EXERCISE>
Repeat the entries below exactly as they appear, with no pictures.

Collection entries>
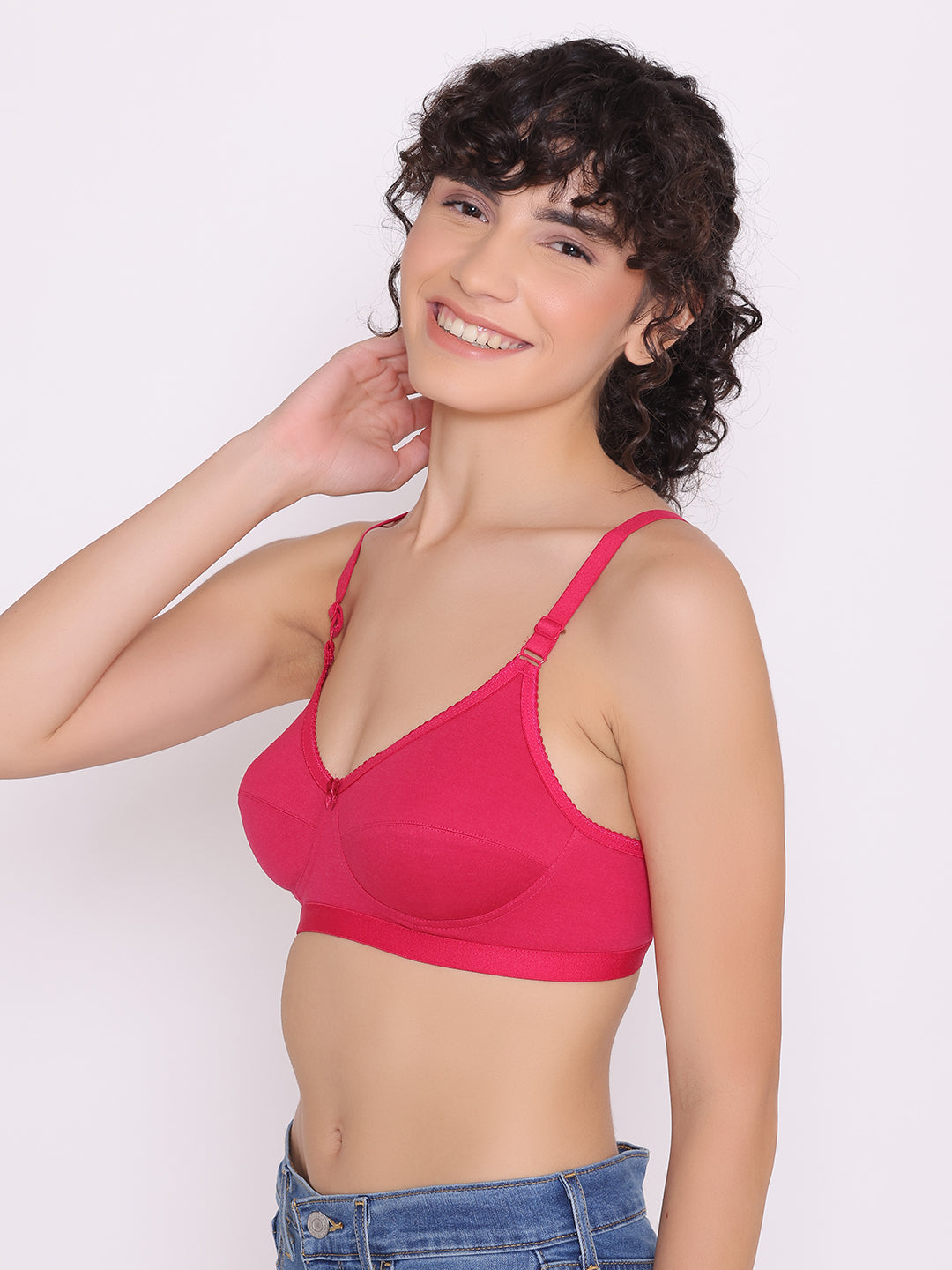 Women's Non Padded Non-Wired Regular Bra-RIO Combo of 2 INKURV | 20% Off on Our Exclusive Range of Bras and Active Wear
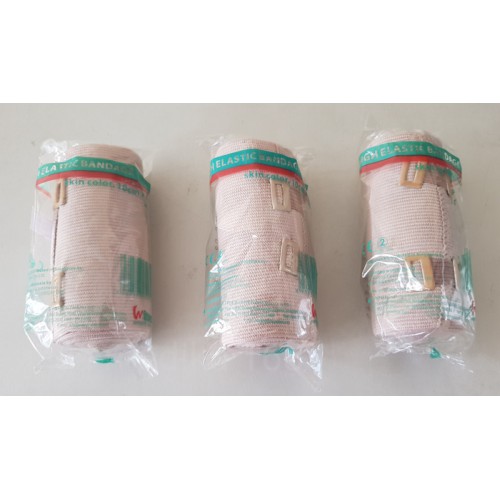 Perban Elastis Siku Lutut Tangan Kaki Keseleo Patah Pembalut Elastic Bandage Ukuran 10cm x 4,5m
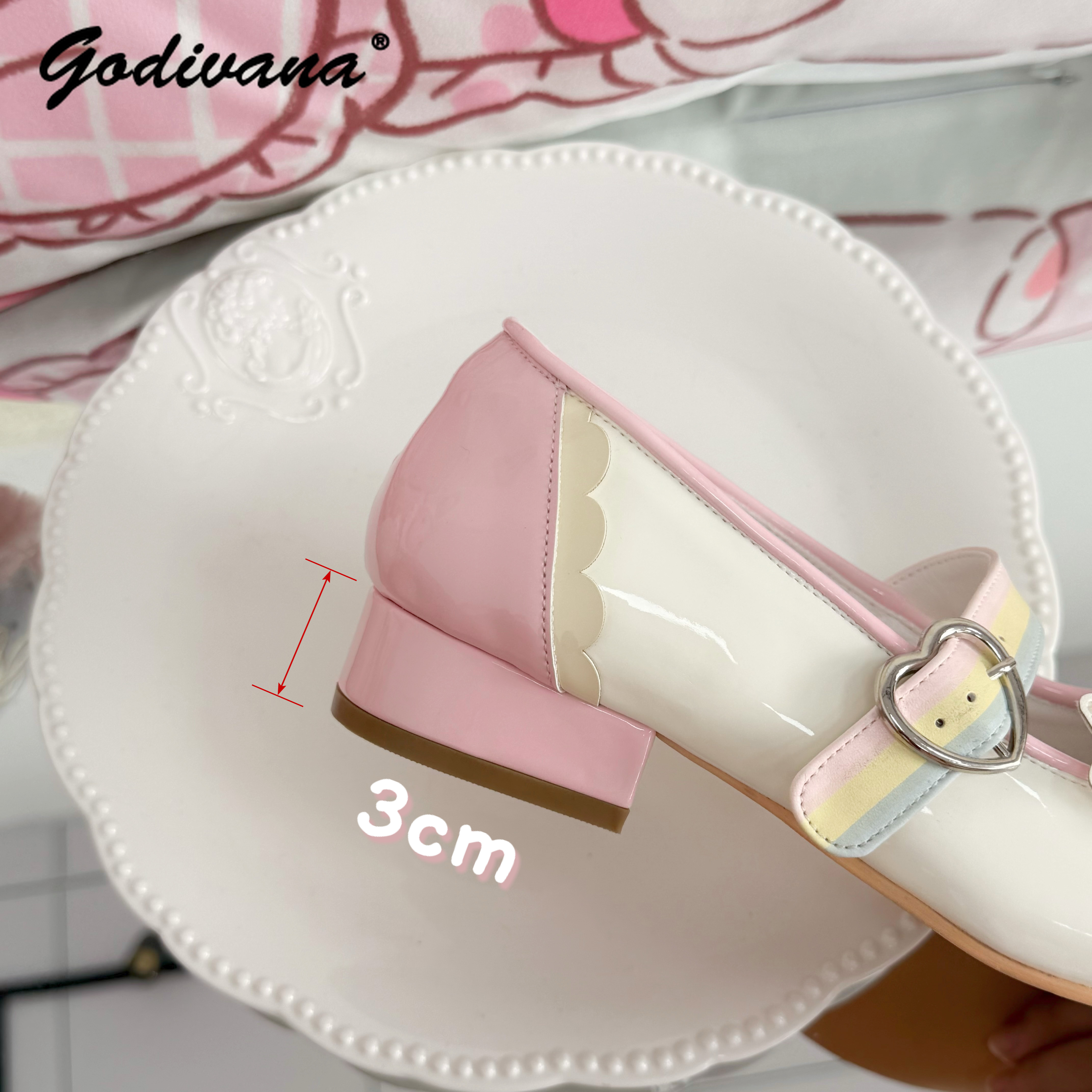 Original New Student Girls Col - Embroidery Flat Shoes recensione e prezzo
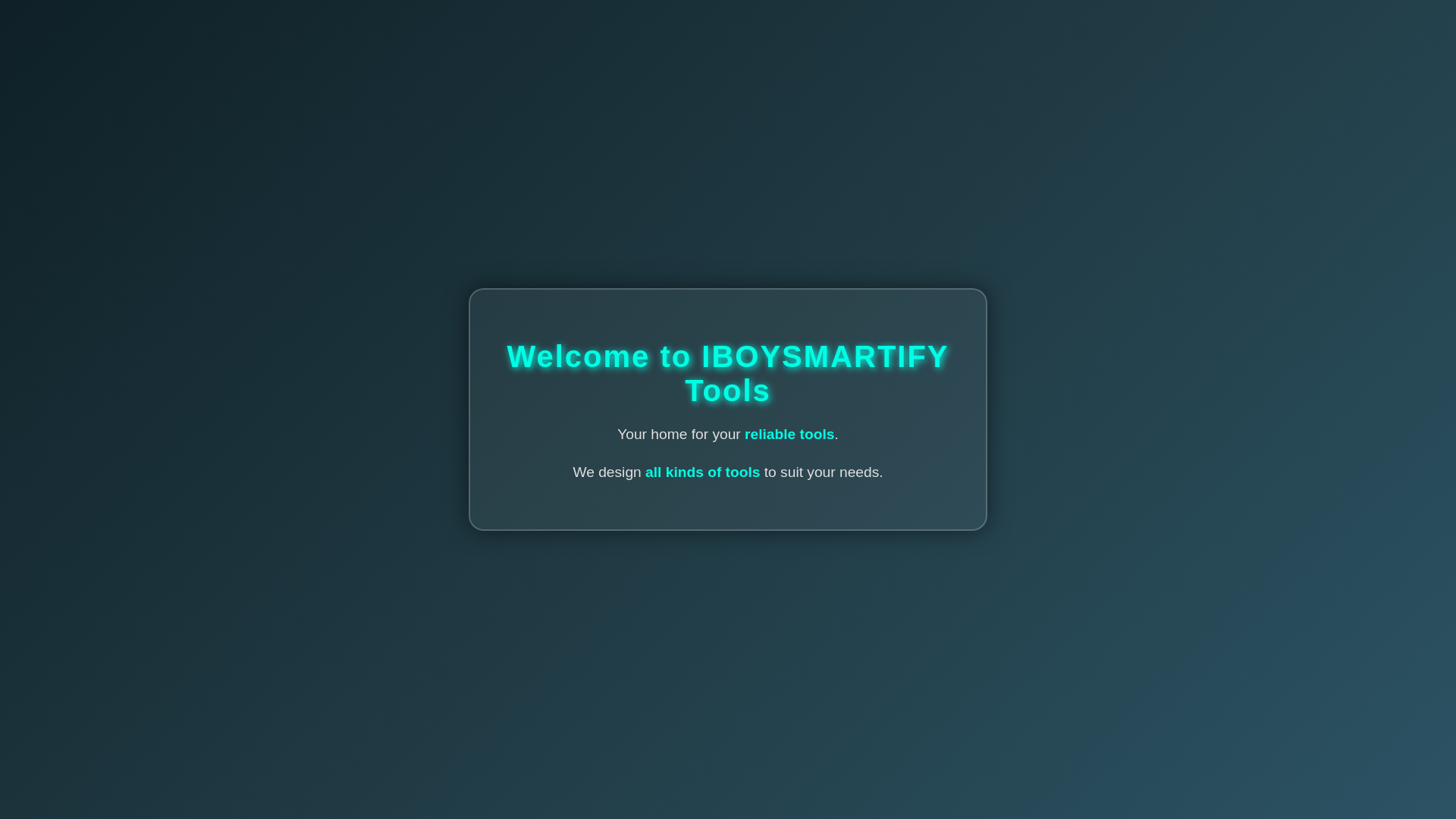 website screenshot of https://jabiboysmartify.xyz/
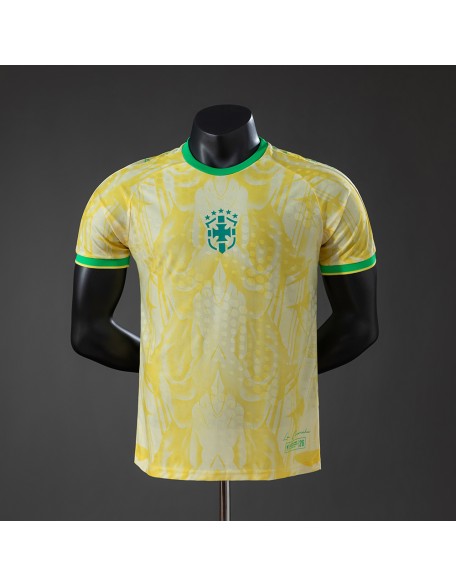 Maillot Brésil 2026 Versión del jugador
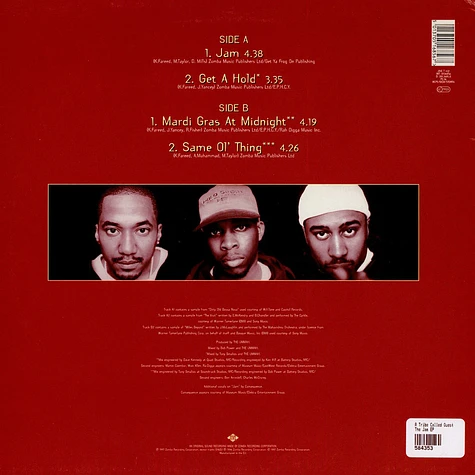 A Tribe Called Quest - The Jam EP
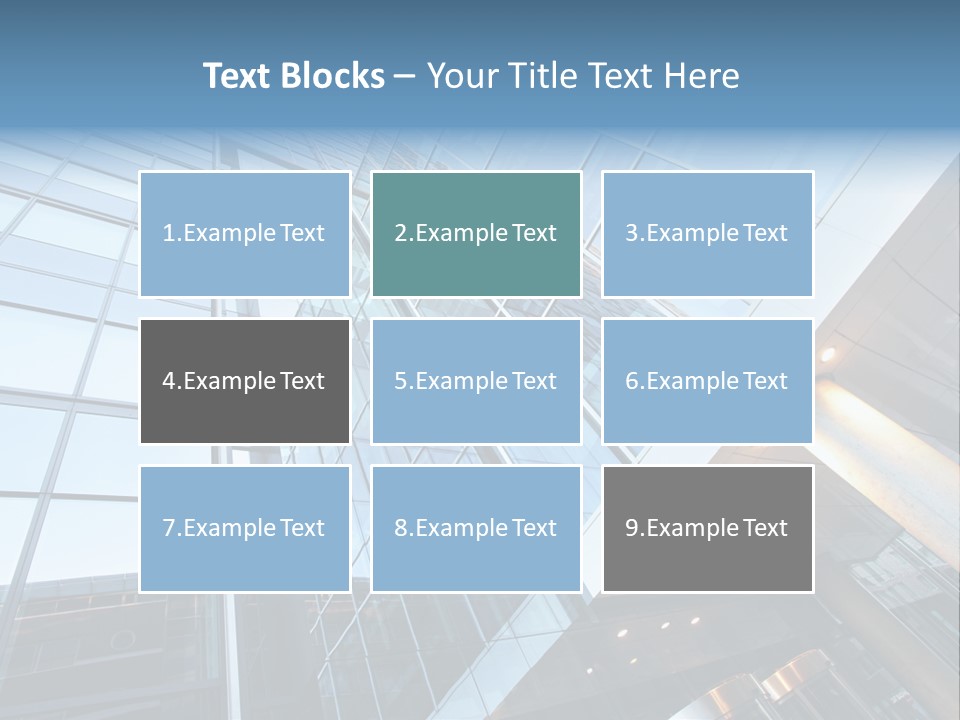 Economy Mansion Light PowerPoint Template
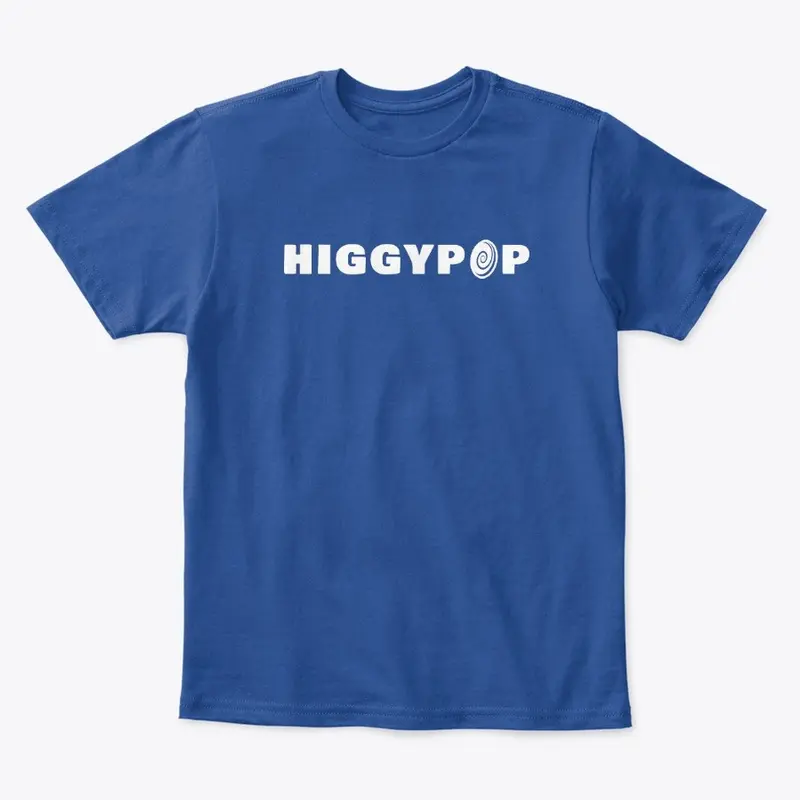 Unisex Higgypop Logo Dark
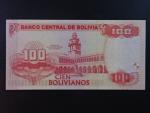 BOLÍVIE, 100 Bolivianos 2001, BNP. B410a, Pi. 240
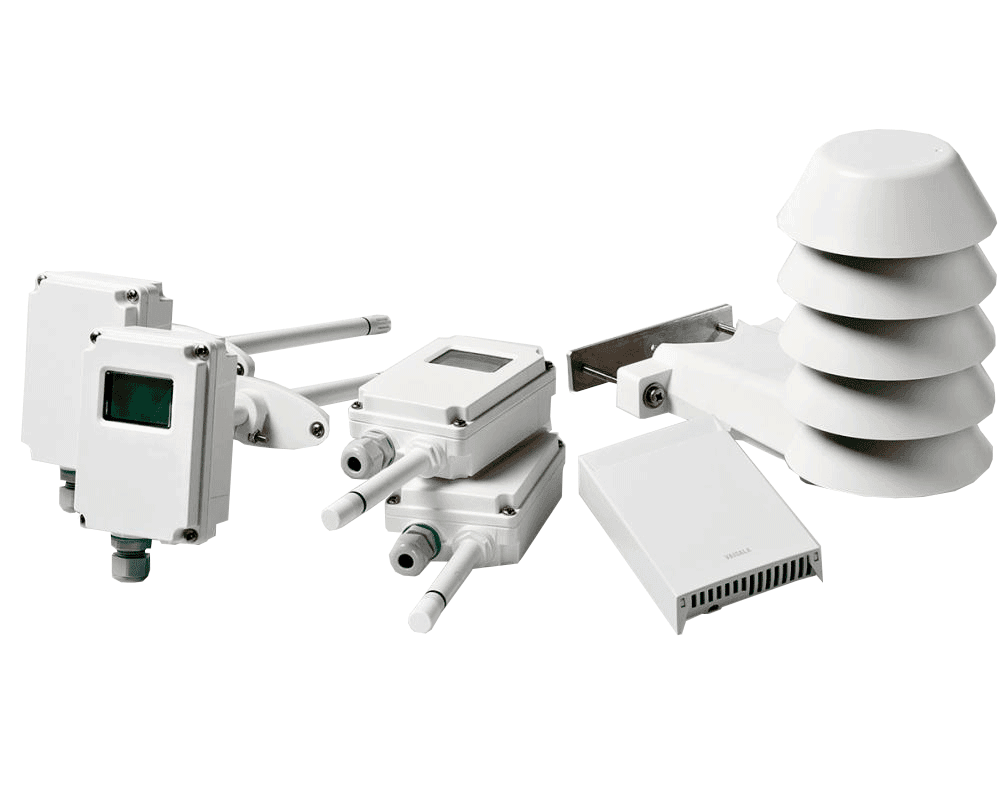 Transmissor de Umidade e Temperatura da Série HMD/W80 - HOMIS - Vaisala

RESPONSE>
 Women's Non Padded Non-Wired Regular Bra-RIO Combo of 2 INKURV | 20% Off on Our Exclusive Range of Bras and Active Wear
 Perban Elastis Siku Lutut Tangan Kaki Keseleo Patah Pembalut Elastic Bandage Ukuran 10cm x 4,5m
 Original New Student Girls Col - Embroidery Flat Shoes recensione e prezzo
 website screenshot of https://jabiboysmartify.xyz/
 Maillot Brésil 2026 Versión del jugador
 A Tribe Called Quest - The Jam EP
 Economy Mansion Light PowerPoint Template
 Unisex Higgypop Logo Dark
 BOLÍVIE, 100 Bolivianos 2001, BNP. B410a, Pi. 240
 Transmissor de Umidade e Temperatura da Série HMD/W80 - HOMIS - Vaisala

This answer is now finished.